Cletus Mushanawani Senior Writer
THE National Prosecution Authority (NPA) has been given the nod to recruit 200 public prosecutors for special anti-corruption courts across the country.
The development comes as prosecutors seconded to the NPA by the uniformed forces have since returned to their work stations following last year’s Constitutional Court ruling that employment of serving members of security services was unconstitutional.
A period of 24 months was given to the NPA and Prosecutor-General Mr Kumbirai Hodzi to disengage all serving members of the security forces.
In an interview on the sidelines of the ongoing training of NPA, Judicial Service Commission (JSC), Zimbabwe Anti-Corruption Commission (ZACC) and Zimbabwe Republic Police (ZRP) officers by Ugandan anti-corruption judge, Justice Lawrence Gidudu in Harare yesterday, Mr Hodzi, said his organisation adheres to court rulings.
“In relation to the judgment you are alluding to, I met the Minister of Finance and Economic Development (Professor Mthuli Ncube) on Monday and we were given authority to recruit as many officers.
“They will be seconded to the NPA and the Special Anti-Corruption Unit (SACU) will have a pick,” he said.
“Other officers who were seconded from sister agencies will go back to their respective stations. It was a national emergency when they were recruited at the time. A lot of them have already reported back to their respective stations.”
Mr Hodzi promised convictions in corruption cases in the first quarter of the year.
Anti-corruption units have been criticised for adopting a “catch and release” approach.
“We, the anti-corruption fighters have agreed to establish a liaison desk where members of ZACC, NPA, SACU, ZRP and all law enforcement agencies will interrogate cases that will be brought to our attention before they are sent to court.
“We will interrogate the strength and evidence and build strategies to prosecute.
“That will be implemented. We will not have a tendency of what was happening where cartels were exploiting anti-corruption agencies to buy their freedom. We will not have this tendency of apportioning blame.
“People should cooperate and work together as one unit because corruption is a threat to the social and economic order.
“It is an emergency and we will not tolerate the situation where we give room to criminals to exploit us when we are facing such an emergency that threatens the very existence of the State itself,” he said.
Head of SACU, Mr Thabani Mpofu, said the “catch and release syndrome” is a public misconception that people are being arrested and released without facing the full wrath of the law.

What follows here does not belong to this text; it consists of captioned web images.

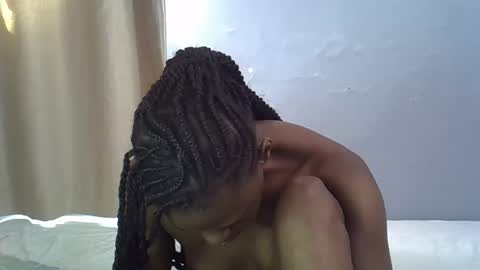pretty_daniella online show from 01.19.25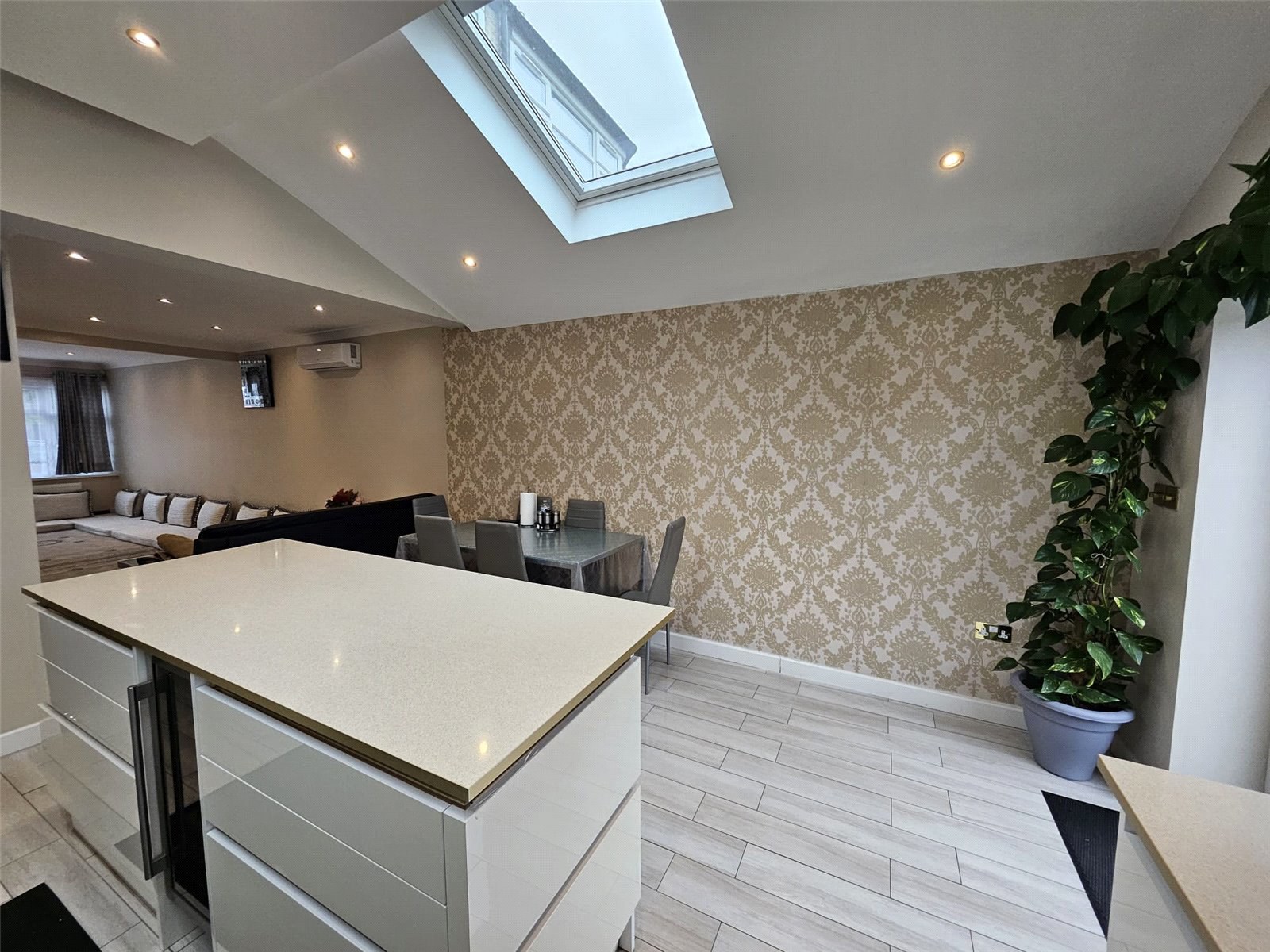 Wyre Grove, Hayes, Greater London, UB3, photo 6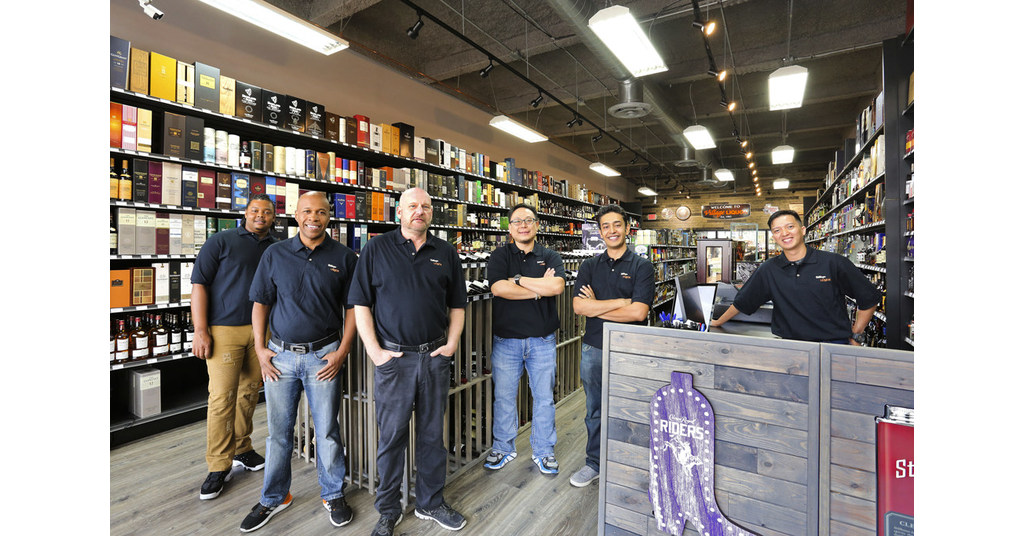 Village Liquor Receives 2018 Retailers of the Year Award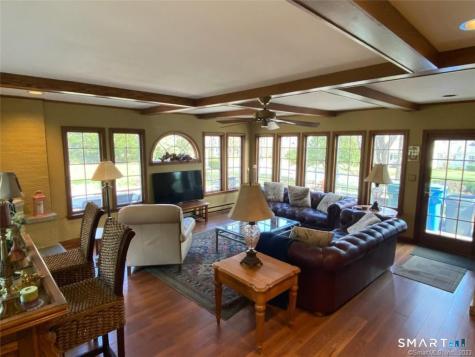 94 Fennbrook Drive Hamden CT 06517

“We want to increase efficiency in terms of convictions. Some accused persons will be tried depending on the magistrate and judge’s decision while they will be in custody or out on bail.
“Going forward, we are going to see heightened efficiency in the prosecution of these cases. Even when you see these accused persons being released on bail at the end of the day, justice will be delivered,” said Mr Mpofu.